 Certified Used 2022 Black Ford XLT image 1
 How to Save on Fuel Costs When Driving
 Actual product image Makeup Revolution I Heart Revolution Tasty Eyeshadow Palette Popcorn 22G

++++

▶ _Task prompt_:
Count the lines of the listing that contain the word "image", and give only the number.

▶ _Output of the task_:
2